I'm dealing with that myself installing replacement windows in an unheated addition.
I just kept the cans in a heated area until I was ready to use it and it worked fine.
If anything even using the low expanding foam it over expanded.
I know enough to not try and fill the larger gaps all the way full in one pass and often let it fill and go back once it sets up and hit any spots I missed, but it all over expanded and had to be cut back.


----------



## oh'mike (Sep 18, 2009)

I have had rotten luck with spray foam (blue can) in cold weather--it just wouldn't expand or set up---what a mess---


----------



## mgh-pa (May 25, 2011)

joecaption said:


> I'm dealing with that myself installing replacement windows in an unheated addition.
> I just kept the cans in a heated area until I was ready to use it and it worked fine.
> If anything even using the low expanding foam it over expanded.
> I know enough to not try and fill the larger gaps all the way full in one pass and often let it fill and go back once it sets up and hit any spots I missed, but it all over expanded and had to be cut back.


What brand foam was it, if you don't mind me asking (since Mike mentioned below he has had trouble when using his)?


----------



## oh'mike (Sep 18, 2009)

You must remember Joe is in Virginia and I am in Illinois---we get really cold here---


----------



## joecaption (Nov 30, 2011)

It was "Great Stuff" and it was no higher then 40 Deg. when I sprayed it and below 32 at night.


----------



## oh'mike (Sep 18, 2009)

When I had issues it was about 14 degrees----maybe colder---we finished off an addition in December or January----some days were as cold as 10 below---


----------



## mgh-pa (May 25, 2011)

Thanks, guys.
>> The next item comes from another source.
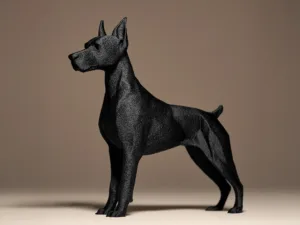 Doberman Sculpture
I will wait a little while. This Sunday it's supposed to be in the 40s. Might be a good day to give it a go.


----------



## Gary in WA (Mar 11, 2009)

While you are waiting... something I found posted a few months ago and now am able to use; http://netcrafting.com/homemx/greatstuff.html

Gary


----------



## mgh-pa (May 25, 2011)

Gary in WA said:


> While you are waiting... something I found posted a few months ago and now am able to use; http://netcrafting.com/homemx/greatstuff.html
> 
> Gary


Wow, great tip! I always hated that it was one and done with those cans.


----------